Segment Start: DATASET RECORDS

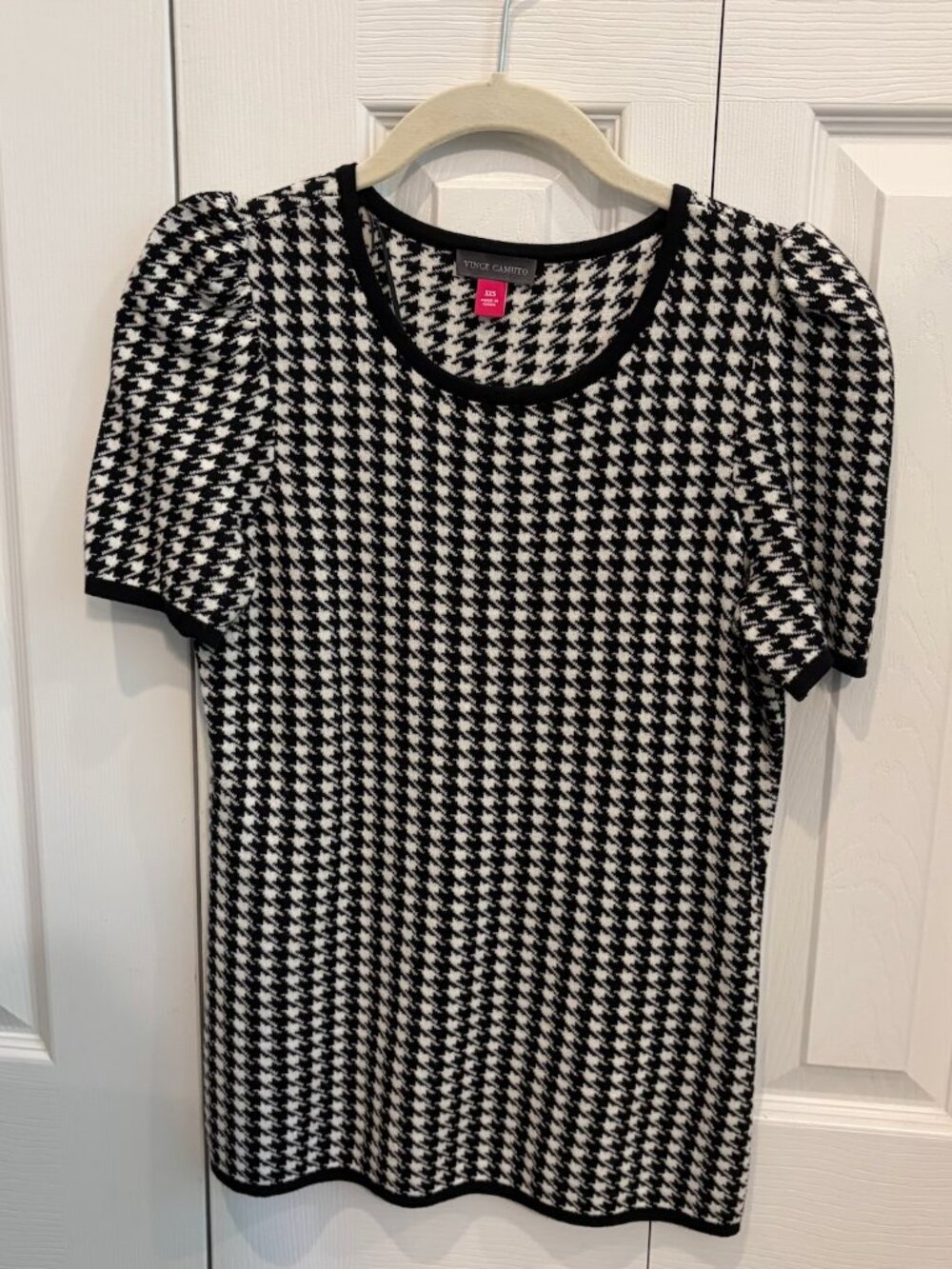 Vince Camuto Top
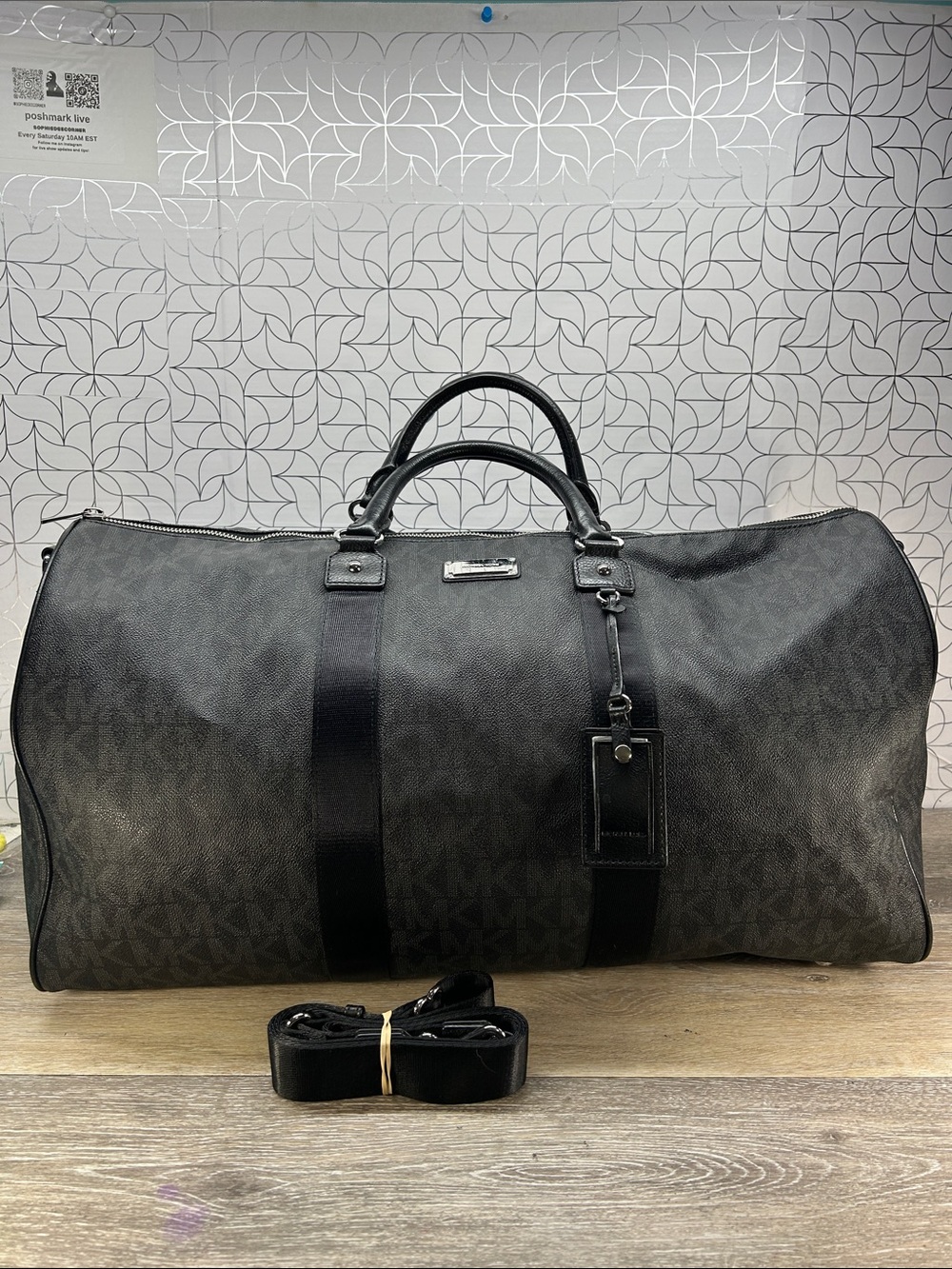 7209 Michael Kors Black jet set Duffel Bag 277887209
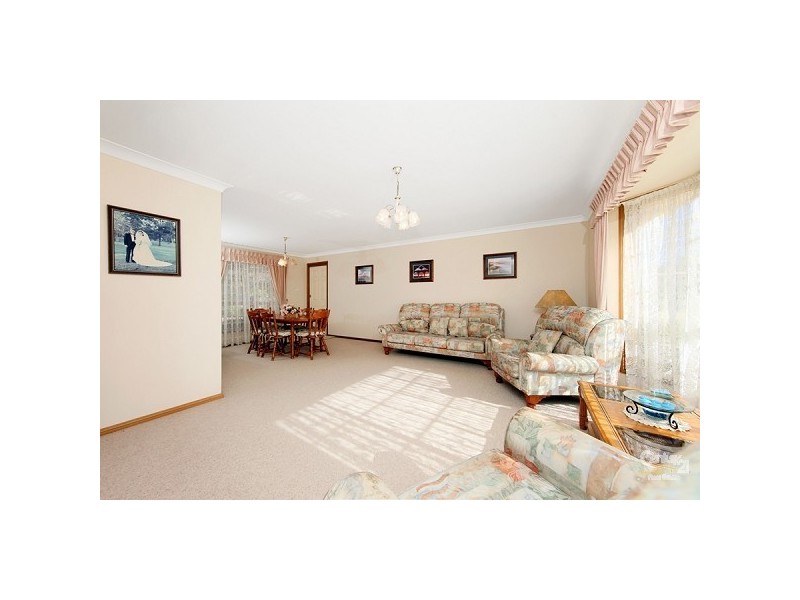 16 Buttermere Drive, Lakelands NSW 2282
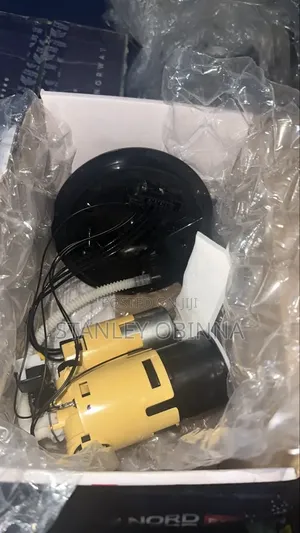 Fuel Pump Available for Mercedes Benz Glc300/C300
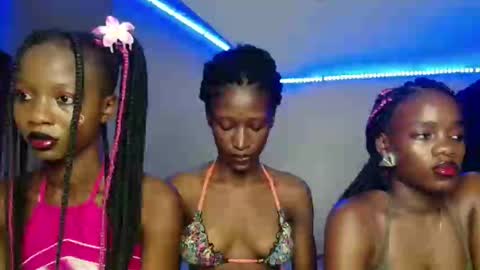 Snapshot of kimberly_chloe chatting on November 30, 3:16 pm Kimberly online show from November 30, 3:16 pm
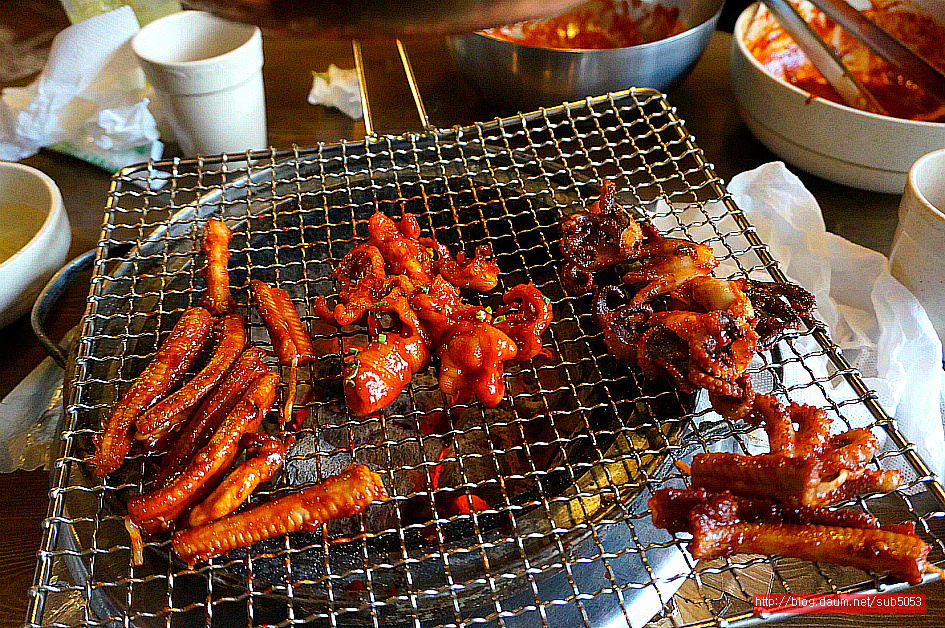 (구의동 먹자골목 맛집)숯불 꼼장어 맛집 - 건대(광진) 지역 추천맛집 땡초 꼼장어 후기
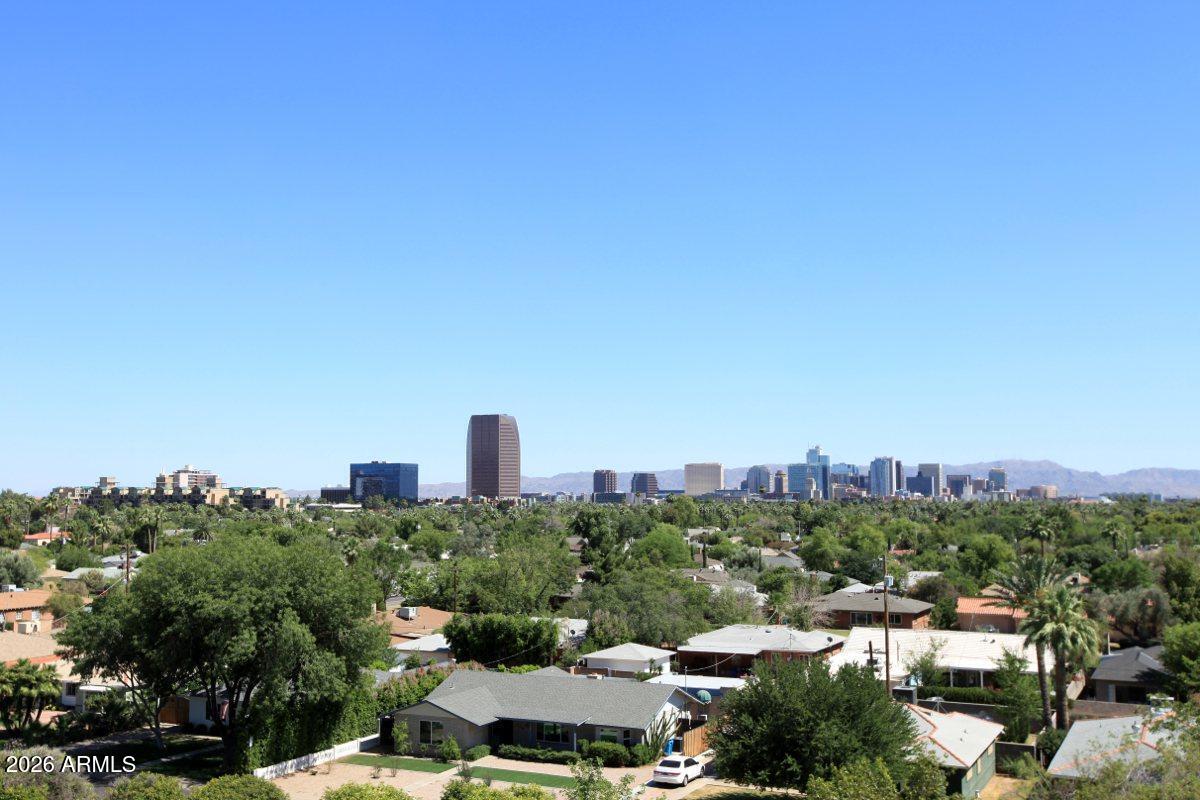 535 W THOMAS Road 408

Segment End: DATASET RECORDS

* PROBLEM:
Copy out only the lines beginning at the line with "Fuel Pump Available" and ending at the last line of the entries. Keep them exact; drop pictures.

* RESULT OF THE TASK:
 Fuel Pump Available for Mercedes Benz Glc300/C300
 Snapshot of kimberly_chloe chatting on November 30, 3:16 pm Kimberly online show from November 30, 3:16 pm
 (구의동 먹자골목 맛집)숯불 꼼장어 맛집 - 건대(광진) 지역 추천맛집 땡초 꼼장어 후기
 535 W THOMAS Road 408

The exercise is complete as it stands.